The authors consider both the stochastic and the deterministic versions of the problem, as well as both the bandit and full-information feedback models. For the stochastic case with bandit feedback (where the learner learns only the utilities of the agents for the randomly sampled action), the authors provide an $O(T^{N-1/N})$ -regret online learning algorithm and show that this regret bound is tight for the stochastic setting. They then study the bandit feedback model with adversarial changes and establish an $\Omega(T)$ regret lower bound. In view of this negative result, the authors shift their attention to the full-information feedback and adversarial changes case, for which they provide $O(\sqrt{T})$ -regret online learning algorithms using Follow the Regularized Leader with log-barrier regularization.

优点

The paper studies an interesting and technically challenging setting. The writing is relatively good, and the authors clearly explain their contributions and the crucial differences between their setting and classical online concave optimization with bandit feedback. I found it particularly interesting that there is a significant discrepancy in the possible regret bounds between online concave optimization and the bandit feedback case of the considered setting. Additionally, I appreciate that the authors present both upper and lower bounds for all the considered settings.

缺点

Despite the paper's solid technical contribution, my only concern lies with the motivation for the setting.

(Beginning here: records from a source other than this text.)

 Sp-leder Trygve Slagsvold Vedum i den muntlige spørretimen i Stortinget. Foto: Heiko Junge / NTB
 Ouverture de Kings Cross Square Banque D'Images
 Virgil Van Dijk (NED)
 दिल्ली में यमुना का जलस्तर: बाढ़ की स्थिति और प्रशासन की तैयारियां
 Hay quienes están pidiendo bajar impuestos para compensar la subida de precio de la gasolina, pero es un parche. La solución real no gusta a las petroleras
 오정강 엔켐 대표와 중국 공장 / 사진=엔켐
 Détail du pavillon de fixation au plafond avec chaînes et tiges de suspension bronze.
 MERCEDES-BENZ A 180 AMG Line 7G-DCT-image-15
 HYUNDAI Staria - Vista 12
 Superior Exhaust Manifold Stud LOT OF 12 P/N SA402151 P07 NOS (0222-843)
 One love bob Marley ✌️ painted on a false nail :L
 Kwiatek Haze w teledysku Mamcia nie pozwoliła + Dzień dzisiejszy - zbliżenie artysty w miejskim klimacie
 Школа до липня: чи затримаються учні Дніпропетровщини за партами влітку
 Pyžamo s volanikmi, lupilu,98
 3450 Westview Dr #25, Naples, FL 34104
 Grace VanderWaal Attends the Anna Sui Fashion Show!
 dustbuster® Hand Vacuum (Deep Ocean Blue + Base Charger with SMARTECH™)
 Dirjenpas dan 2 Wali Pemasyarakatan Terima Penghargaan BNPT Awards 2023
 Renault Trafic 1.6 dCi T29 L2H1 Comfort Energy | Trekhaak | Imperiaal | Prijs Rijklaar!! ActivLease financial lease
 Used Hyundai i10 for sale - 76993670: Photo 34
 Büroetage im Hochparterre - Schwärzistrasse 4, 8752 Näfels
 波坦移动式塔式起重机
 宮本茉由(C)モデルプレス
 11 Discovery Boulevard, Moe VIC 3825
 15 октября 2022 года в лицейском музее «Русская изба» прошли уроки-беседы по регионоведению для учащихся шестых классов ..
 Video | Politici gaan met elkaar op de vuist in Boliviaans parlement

The authors briefly mention that the setting has applications in resource allocation but do not provide any concrete examples or a convincing discussion on why this setting is particularly interesting. While I do not doubt that the setting is indeed interesting, I believe a detailed discussion on the potential applications of the model would significantly enhance the paper.

问题

Could you elaborate more on the potential applications of the considered setting?

局限性

Yes

作者回复

2024-08-06

Thanks for the reviewer's appreciation of our paper! We answer the reviewer's question as follows.

Q1: A detailed discussion on the potential applications of the model.

One important application of the model is fair repeated policy decision making. In fact, we believe that Hossain et al. [2021], the main work we improve upon, already provided very good justification for studying this model, and we copy one such discussion from their introduction below:

This problem can model situations where the principal is deliberating a policy decision and the arms correspond to the different alternatives she can implement. However, in many real-life scenarios, making a policy decision affects not one, but several agents. For example, imagine a company making a decision that affects all its employees, or a conference deciding the structure of its review process, which affects various research communities…This problem of making a fair collective decision when the available alternatives affect multiple agents is well-studied in computational social choice. The literature offers a compelling fairness notion called the Nash social welfare, named after John Nash… Maximizing the Nash social welfare is often seen as a middle ground between maximizing the utilitarian social welfare (sum of utilities to the agents), which is unfair to minorities, and maximizing the egalitarian social welfare (minimum utility to any agent), which is considered too extreme. The solution maximizing the Nash social welfare is also known to satisfy other qualitative fairness desiderata across a wide variety of settings.

评论- Reviewer's Response

2024-08-09

Thank you for the response. I maintain my positive opinion for the paper and I keep my score.

最终决定Accept (poster)

2024-09-25

This work derives minimax regret bounds for the objective of Nash social welfare (NSW). Prior work did consider a similar objective (product of utilities) but the NSW objective (i.e. geometric mean) presents some unique challenges and requires new proof techniques. I also like the adversarial setting considered in the paper, and the paper is well-written and all the ideas are carefully explained. In the future version of the paper, it would be useful to have some discussions about the applications of NSW.